Naked and Alone in a Japanese Hot Tub
We hadn’t slept at all when we landed in Tokyo at 8:00 a.m. Was it a mistake to take the 4-hour red-eye flight from Hong Kong? Then, I spotted a coffee shop. The world always looks better after a cup of coffee.
When Martin and I travel, we don’t necessarily need to see all the tourist sites. We enjoy new experiences and learning about the local life the most. So we started our Japanese adventure in Nikko, a small town about two hours north of Tokyo. It was so refreshing to not be surrounded by high-rises everywhere. October is supposed to be the best time to see the fall colors, but we didn’t see much of that at all.
Nikko is famous for its UNESCO World Heritage Shrine and for its national park which has a huge waterfall in it.
The shrine was beautiful and fun to visit even though we couldn’t see the main gate since it was being restored.

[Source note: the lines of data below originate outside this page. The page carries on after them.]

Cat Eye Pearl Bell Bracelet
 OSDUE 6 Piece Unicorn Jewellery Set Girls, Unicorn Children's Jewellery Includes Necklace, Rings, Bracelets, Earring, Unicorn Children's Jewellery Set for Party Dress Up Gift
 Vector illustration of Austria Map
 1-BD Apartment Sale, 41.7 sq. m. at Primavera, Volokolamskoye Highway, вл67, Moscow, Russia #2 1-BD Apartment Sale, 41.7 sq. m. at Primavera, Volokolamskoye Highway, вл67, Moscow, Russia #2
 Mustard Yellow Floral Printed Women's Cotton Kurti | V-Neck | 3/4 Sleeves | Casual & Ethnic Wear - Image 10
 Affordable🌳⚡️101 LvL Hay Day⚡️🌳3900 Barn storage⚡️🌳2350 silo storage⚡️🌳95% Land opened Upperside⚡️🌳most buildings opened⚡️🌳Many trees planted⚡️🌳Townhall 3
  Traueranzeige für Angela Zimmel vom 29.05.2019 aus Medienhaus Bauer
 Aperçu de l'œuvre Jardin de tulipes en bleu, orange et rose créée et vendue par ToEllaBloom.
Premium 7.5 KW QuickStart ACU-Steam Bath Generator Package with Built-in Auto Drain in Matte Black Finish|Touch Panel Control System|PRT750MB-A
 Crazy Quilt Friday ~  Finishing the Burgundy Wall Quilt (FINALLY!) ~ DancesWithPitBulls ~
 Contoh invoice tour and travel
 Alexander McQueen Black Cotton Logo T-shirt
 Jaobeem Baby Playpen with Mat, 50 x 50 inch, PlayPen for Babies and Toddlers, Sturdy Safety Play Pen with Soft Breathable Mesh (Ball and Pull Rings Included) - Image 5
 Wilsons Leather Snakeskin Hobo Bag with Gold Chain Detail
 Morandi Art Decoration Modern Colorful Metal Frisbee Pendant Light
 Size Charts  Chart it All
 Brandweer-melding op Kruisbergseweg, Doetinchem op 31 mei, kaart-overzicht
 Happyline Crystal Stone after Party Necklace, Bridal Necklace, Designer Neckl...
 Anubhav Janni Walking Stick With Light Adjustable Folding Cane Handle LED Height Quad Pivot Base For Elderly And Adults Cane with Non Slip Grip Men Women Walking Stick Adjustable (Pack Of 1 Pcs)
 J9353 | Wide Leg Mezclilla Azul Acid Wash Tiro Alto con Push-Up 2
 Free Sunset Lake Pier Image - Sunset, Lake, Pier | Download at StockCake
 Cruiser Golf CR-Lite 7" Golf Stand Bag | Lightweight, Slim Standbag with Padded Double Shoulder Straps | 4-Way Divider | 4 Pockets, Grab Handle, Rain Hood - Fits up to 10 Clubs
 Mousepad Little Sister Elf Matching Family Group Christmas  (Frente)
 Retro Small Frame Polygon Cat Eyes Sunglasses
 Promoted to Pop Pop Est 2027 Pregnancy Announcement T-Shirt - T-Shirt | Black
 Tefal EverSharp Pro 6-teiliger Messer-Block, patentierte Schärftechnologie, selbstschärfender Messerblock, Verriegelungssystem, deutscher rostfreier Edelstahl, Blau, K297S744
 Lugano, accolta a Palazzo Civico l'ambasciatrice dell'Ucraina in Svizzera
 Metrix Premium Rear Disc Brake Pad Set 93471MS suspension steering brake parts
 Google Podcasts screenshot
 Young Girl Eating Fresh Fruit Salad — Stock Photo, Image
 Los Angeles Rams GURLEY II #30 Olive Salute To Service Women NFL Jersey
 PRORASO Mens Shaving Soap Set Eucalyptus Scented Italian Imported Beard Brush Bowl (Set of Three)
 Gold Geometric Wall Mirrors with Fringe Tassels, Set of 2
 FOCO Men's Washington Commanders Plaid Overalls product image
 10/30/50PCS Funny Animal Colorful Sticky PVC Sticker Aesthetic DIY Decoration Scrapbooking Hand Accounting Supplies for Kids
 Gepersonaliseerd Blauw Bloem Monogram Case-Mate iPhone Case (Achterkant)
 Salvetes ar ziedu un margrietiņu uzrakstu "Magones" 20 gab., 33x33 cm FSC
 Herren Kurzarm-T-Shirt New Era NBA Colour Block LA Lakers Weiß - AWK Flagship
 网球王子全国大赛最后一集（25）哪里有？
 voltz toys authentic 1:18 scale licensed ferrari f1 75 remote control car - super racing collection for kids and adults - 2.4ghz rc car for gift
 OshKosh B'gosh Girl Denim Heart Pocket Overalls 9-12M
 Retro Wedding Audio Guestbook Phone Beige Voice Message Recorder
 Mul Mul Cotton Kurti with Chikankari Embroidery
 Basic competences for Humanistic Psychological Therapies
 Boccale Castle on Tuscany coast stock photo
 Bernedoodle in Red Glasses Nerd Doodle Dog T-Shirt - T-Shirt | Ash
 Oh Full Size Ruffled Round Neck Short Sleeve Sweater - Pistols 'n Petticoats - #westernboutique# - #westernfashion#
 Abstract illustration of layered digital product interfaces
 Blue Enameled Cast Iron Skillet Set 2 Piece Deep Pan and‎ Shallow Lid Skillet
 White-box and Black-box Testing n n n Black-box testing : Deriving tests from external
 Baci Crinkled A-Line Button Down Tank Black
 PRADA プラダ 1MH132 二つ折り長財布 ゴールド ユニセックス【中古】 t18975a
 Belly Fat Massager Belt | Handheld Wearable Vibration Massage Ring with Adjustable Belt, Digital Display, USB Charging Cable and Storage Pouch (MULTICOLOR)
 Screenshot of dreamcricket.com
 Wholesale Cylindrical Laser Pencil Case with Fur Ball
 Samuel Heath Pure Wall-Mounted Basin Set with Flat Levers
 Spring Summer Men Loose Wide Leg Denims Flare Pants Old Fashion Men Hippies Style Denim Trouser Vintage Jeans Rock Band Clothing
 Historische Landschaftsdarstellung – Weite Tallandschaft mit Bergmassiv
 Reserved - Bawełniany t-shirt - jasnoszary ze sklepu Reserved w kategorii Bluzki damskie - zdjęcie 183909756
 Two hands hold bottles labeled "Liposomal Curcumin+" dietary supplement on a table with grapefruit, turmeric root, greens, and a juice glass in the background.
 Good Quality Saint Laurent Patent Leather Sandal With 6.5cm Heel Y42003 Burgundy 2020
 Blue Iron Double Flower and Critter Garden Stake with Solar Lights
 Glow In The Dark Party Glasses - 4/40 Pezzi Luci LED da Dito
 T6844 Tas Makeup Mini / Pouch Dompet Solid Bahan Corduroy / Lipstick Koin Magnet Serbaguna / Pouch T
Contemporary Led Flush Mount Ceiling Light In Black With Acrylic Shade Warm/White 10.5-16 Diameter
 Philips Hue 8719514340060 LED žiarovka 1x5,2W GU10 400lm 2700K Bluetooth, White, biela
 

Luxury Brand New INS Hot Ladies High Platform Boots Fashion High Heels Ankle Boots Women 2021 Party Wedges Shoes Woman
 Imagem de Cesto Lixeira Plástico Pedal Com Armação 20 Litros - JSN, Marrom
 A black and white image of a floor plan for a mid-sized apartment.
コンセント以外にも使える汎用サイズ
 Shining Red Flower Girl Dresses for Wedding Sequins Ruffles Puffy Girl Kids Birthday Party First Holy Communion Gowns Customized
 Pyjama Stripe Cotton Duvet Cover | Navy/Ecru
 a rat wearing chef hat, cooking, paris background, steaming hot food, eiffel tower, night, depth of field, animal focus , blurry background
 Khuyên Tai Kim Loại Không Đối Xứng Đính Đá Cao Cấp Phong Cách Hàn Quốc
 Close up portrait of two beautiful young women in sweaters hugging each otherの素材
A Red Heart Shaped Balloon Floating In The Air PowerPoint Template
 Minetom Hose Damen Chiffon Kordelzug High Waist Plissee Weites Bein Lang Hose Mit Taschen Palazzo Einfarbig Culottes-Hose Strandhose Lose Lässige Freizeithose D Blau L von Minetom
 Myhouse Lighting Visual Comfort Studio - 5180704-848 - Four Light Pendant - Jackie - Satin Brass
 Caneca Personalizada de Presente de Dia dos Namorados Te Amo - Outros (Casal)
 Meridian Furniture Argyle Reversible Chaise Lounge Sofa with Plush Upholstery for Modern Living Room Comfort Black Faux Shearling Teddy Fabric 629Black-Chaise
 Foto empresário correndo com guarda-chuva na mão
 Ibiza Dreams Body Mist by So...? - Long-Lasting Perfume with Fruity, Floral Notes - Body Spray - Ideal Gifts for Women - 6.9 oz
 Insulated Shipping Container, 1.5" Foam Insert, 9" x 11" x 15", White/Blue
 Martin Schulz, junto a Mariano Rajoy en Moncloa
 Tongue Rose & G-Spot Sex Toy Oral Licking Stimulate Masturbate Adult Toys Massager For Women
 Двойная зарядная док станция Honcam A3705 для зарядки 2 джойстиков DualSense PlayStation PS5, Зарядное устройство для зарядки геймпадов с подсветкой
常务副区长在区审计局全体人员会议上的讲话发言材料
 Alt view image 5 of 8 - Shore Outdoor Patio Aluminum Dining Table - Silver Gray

Afterwards, we took a bus up the mountain to the national park. As we climbed higher and higher, the fog got thicker and thicker…we could hear the waterfall, but we couldn’t see anything. We had expected to see the things pictured here. I think we found Lake Chuzenji too but it was hard to tell…
Because the weather was so murky, we decided to visit a traditional onsen.
These things are weird. I’ve visited hot springs in Iceland, in Guatemala, and now in Japan. Iceland’s was the best. Guatemala’s was OK. Japan’s was awkwardly uncomfortable.
Men and women bathe separately because everyone is naked. There were two tubs – one outside with warm water and one inside with hot water. The benches in the tubs were at an awkward height; when I sat on them, the water only came up to my waist. I tried sitting on the floor of the tub to cover my whole body, but that also felt strange. Despite no other women being there, I felt exposed. I could hear Martin on the other side of the wall chatting with a Japanese man while I sat naked and alone in a dirty tub of murky sulfuric water.
The visit to the onsen ended on a bright note, however. Outside of the tubs is a common lounge area where Martin’s new Japanese friend was waiting for him and offered him a beer from the vending machine. We sat and chatted with him and his companions for a while, and they shared their Japanese snacks with us. It was just one of countless times Japanese people went out of their way to be kind to us.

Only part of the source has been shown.